McClatchy Washington report 8/10

  • Hungry, bewildered and bedraggled villagers are arriving by the thousands in Sukkur, a town in Pakistan's southern Sindh province that so far has escaped the country's devastating flooding, only to find that little or no help is available, victims of the disaster said.
  • The House of Representatives plans Tuesday to approve funding that would save an estimated 161,000 teachers' jobs nationwide and pump billions of dollars into depleted state treasuries to help pay health benefits for the poor.
  • Defying harsh criticism from Texas Republicans, President Barack Obama said Monday that his 19-month-old presidency has put America "on the right track" and warned against returning to GOP policies that he blamed for the country's economic "mess." Texas Gov. Rick Perry, one of the president's biggest critics in the Lone Star State, met Obama on his arrival at Austin-Bergstrom Airport and presented the president with a four-page letter calling for tougher federal enforcement along the state's violence-ridden border with Mexico.

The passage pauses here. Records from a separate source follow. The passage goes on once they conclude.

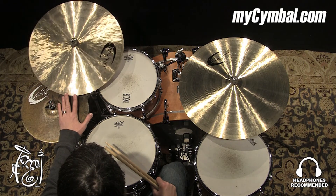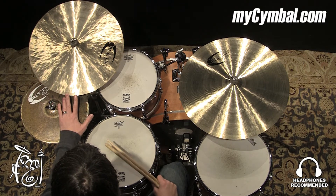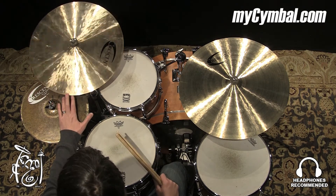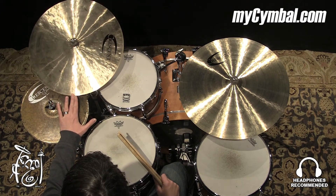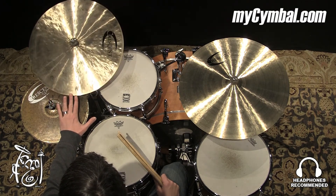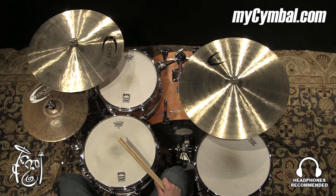Really nice, dark sound and wash, clear bell, nice balance between stick sound and the sustain of the cymbal. But a really beautiful Vanguard ride here. You can get this exact Crescent 19-inch Vanguard ride only at mycymbal.com.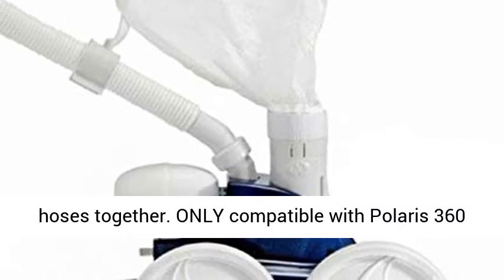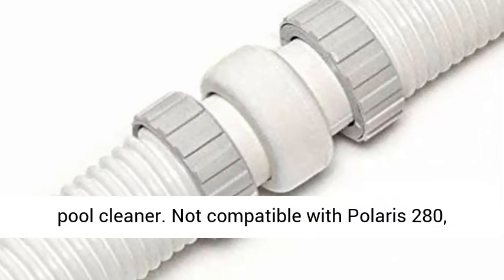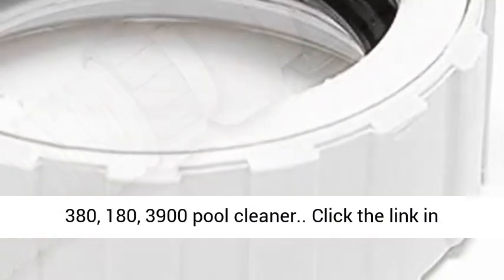Only compatible with Polaris 360 Pool Cleaner. Not compatible with Polaris 280, 380, 180, or 3900 Pool Cleaner.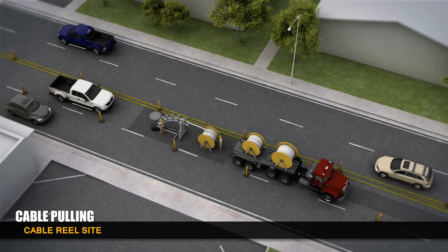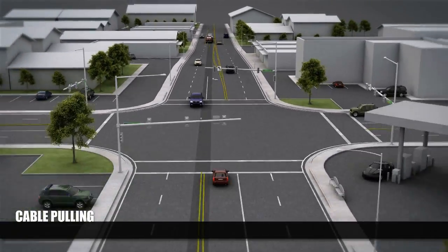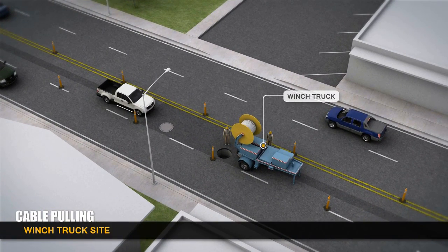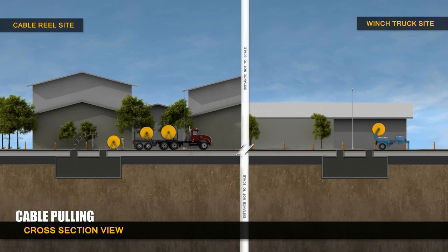The transmission line is pulled into place in segments between maintenance vaults. A cable reel truck is parked near a manhole at one end of the line, and a winch truck is parked at the other. A second winch is placed near the reel truck and is used to hook onto what is called a pull tape.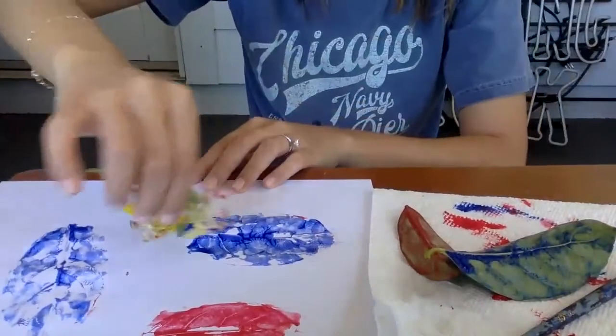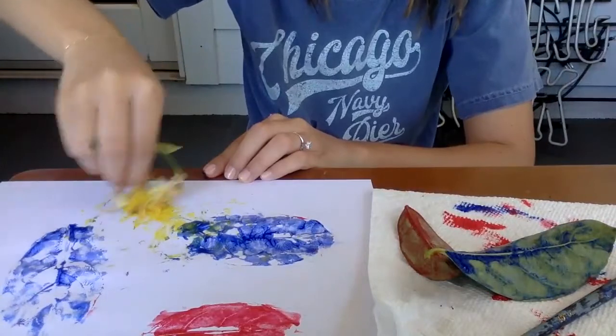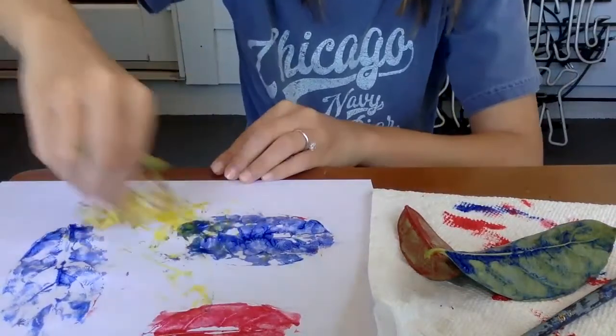And then for some extra fun, I'm gonna just squirt some paint on the paper. And I'm gonna take a flower — whatever flower you want that I found outside — and I'm gonna use that to spread the paint out. Spread it all around and make pretty art pictures.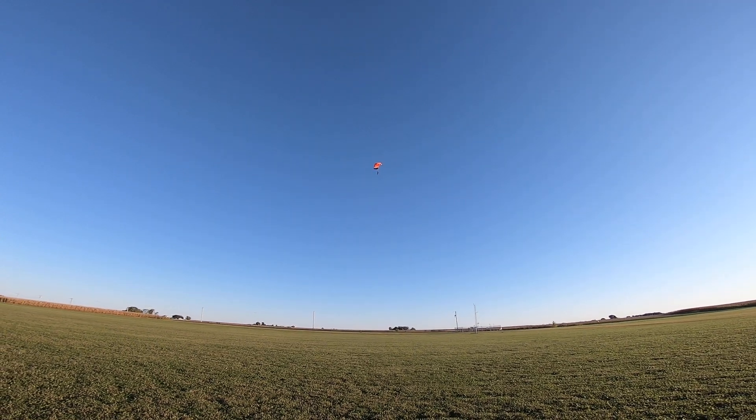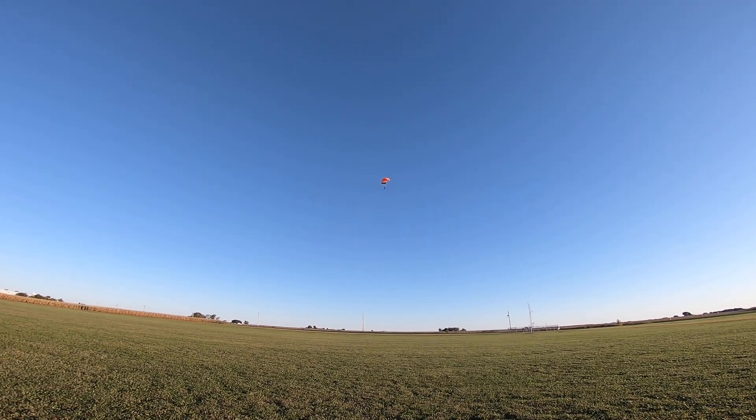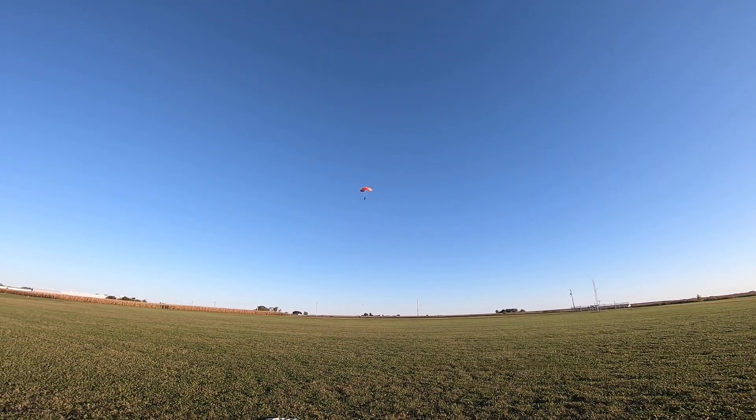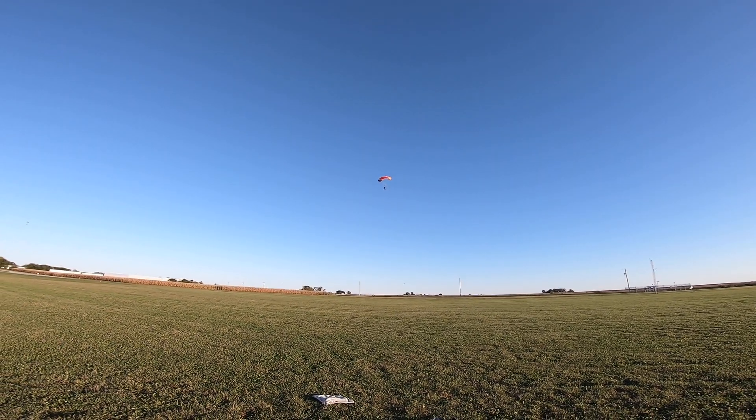You should be at about 200 feet — check your altitude. If you're under 200, turn. Come right here towards me, straight north, straight north.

  • In an effort to deter potential budget cuts by Congress and streamline a burgeoning Defense Department, Secretary of Defense Robert Gates Monday proposed to cut spending on contracting, to close a command stationed in Norfolk, Va., and to reduce the number of flag officers and civilian leaders.
  • All of Canadian captive Omar Khadr's confessions to U.S. military interrogators can be used at the accused teen terrorist's trial, including one that followed a tawdry tale of rape, a war court judge ruled Monday to set the stage for the first full war crimes tribunal of the Obama administration.

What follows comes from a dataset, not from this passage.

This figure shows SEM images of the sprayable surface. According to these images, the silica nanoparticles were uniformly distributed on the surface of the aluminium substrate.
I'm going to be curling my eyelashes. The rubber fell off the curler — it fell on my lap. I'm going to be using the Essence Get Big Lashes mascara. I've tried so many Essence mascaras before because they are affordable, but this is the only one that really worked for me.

  • Oil has stopped flowing, but the BP catastrophe is now ingrained in Gulf life. Evidence and experience indicate environmental, psychological and economic impacts will linger. Nobody can say how bad they will be or how long oil will continue to come ashore.
  • Religious missionaries and political activists will have more freedom to speak out in Yosemite, Great Smoky Mountains and other national parks under an important appellate court ruling.
  • Prominent Republican lawmakers say the 10,000 jobs created by federal economic-stimulus money at South Carolina's Savannah River Site and other nuclear complexes are wasteful, costing taxpayers more than $194,000 a job.
  • The opponents of Pebble, the giant copper and gold prospect in Southwest Alaska, have asked the federal Environmental Protection Agency to invoke its potent and rarely used power to block the potential mine. But U.S. Rep. Don Young late last month filed legislation seeking to strip the EPA of that authority.
  • There's only one party with steady growth this year in the Florida electorate: No Party. Newly released voter registration statistics show another year of gains for independent voters, while Democrats struggled to maintain their hefty registration edge over the GOP.
  • A new breathing device is helping to return the senses of taste and smell back to some paralysis victims. The "diaphragm pacing system" uses tiny steel electrodes implanted in the chest to electronically stimulates the patients diaphragm to contract This pulls air into the lungs through the nose and mouth and lets the patient breathe the way everybody else does. And it returned their senses of taste and smell.
  • From Alaska to Patagonia, supporters of same-sex weddings won important legal victories in recent days. And I would bet that — despite strong Roman Catholic Church opposition — gay marriages will be legal in most countries of the hemisphere sooner than you think.